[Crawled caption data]
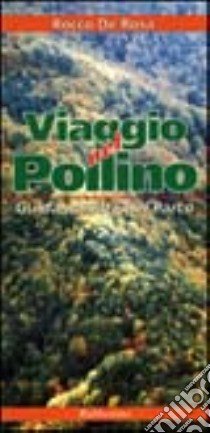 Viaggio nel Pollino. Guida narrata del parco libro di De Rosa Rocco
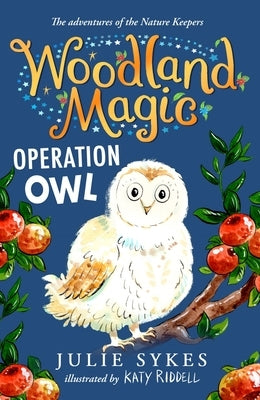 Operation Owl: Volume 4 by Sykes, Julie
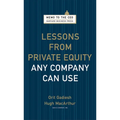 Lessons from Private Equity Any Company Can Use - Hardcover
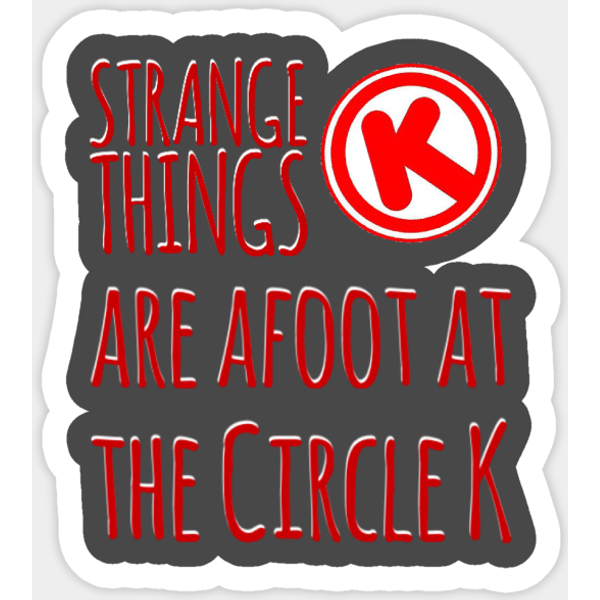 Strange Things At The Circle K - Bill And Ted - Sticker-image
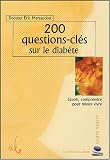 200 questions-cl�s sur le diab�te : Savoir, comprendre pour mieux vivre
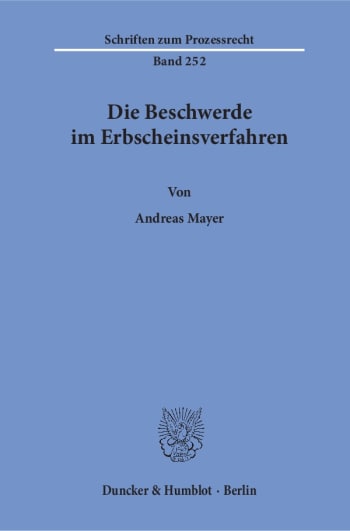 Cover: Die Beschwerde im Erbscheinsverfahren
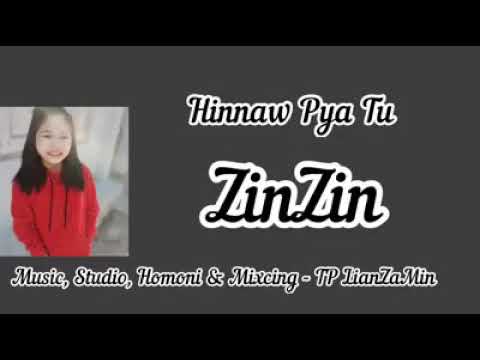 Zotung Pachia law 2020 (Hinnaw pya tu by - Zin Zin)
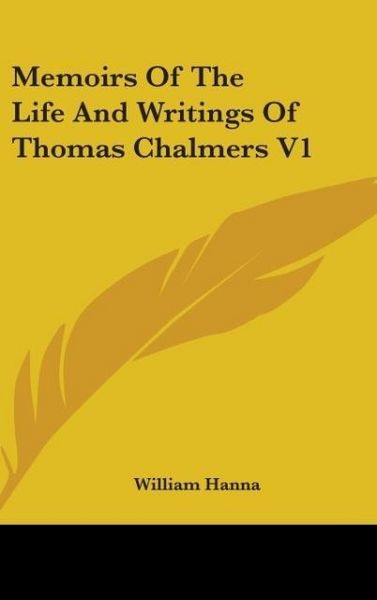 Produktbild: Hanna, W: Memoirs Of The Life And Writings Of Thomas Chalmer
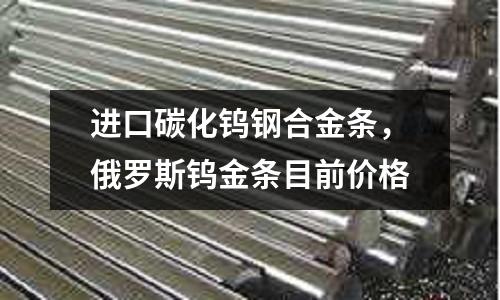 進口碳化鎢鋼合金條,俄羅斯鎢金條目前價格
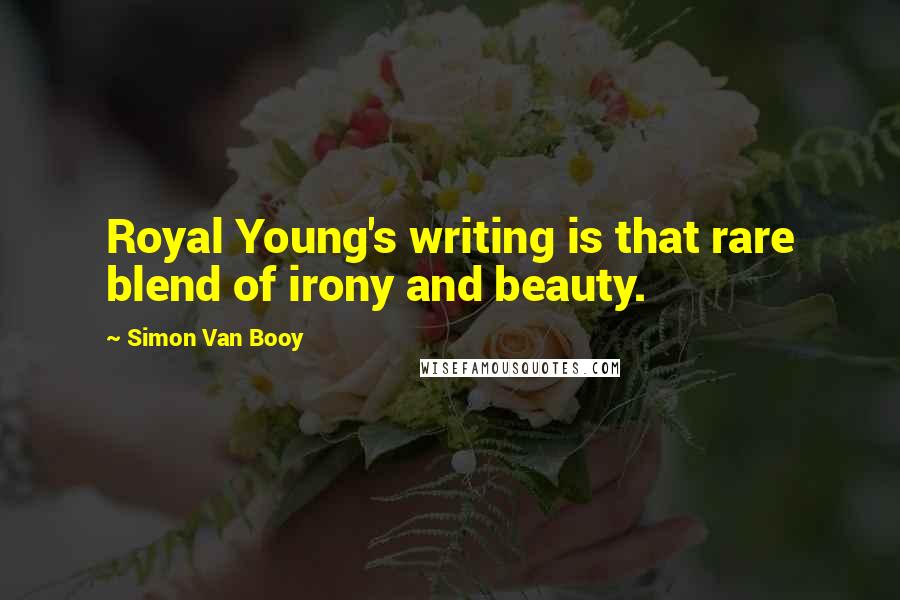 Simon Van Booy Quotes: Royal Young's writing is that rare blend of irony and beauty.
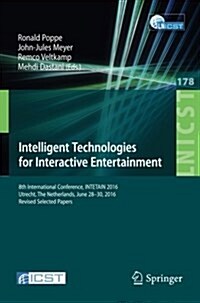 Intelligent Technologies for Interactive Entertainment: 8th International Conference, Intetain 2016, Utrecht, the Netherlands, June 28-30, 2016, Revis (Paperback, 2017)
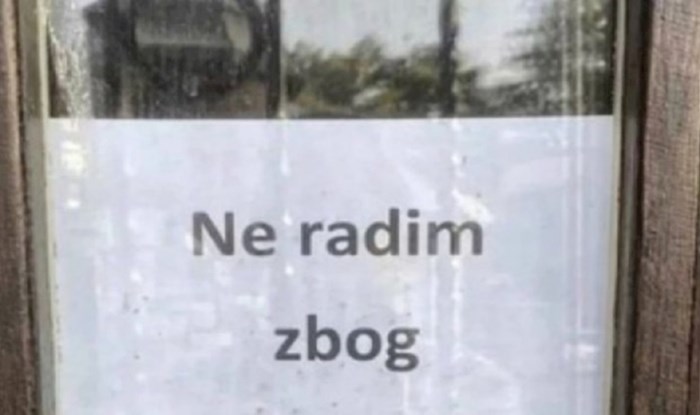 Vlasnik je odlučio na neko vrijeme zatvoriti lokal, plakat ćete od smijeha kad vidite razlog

### INSTRUCTIONS TO FOLLOW
Please repeat every record exactly, leaving the pictures out.

### THE COMPLETED TASK
 Viaggio nel Pollino. Guida narrata del parco libro di De Rosa Rocco
 Operation Owl: Volume 4 by Sykes, Julie
 Lessons from Private Equity Any Company Can Use - Hardcover
 Strange Things At The Circle K - Bill And Ted - Sticker-image
 200 questions-cl�s sur le diab�te : Savoir, comprendre pour mieux vivre
 Cover: Die Beschwerde im Erbscheinsverfahren
 Zotung Pachia law 2020 (Hinnaw pya tu by - Zin Zin)
 Produktbild: Hanna, W: Memoirs Of The Life And Writings Of Thomas Chalmer
 進口碳化鎢鋼合金條,俄羅斯鎢金條目前價格
 Simon Van Booy Quotes: Royal Young's writing is that rare blend of irony and beauty.
 Intelligent Technologies for Interactive Entertainment: 8th International Conference, Intetain 2016, Utrecht, the Netherlands, June 28-30, 2016, Revis (Paperback, 2017)
 Vlasnik je odlučio na neko vrijeme zatvoriti lokal, plakat ćete od smijeha kad vidite razlog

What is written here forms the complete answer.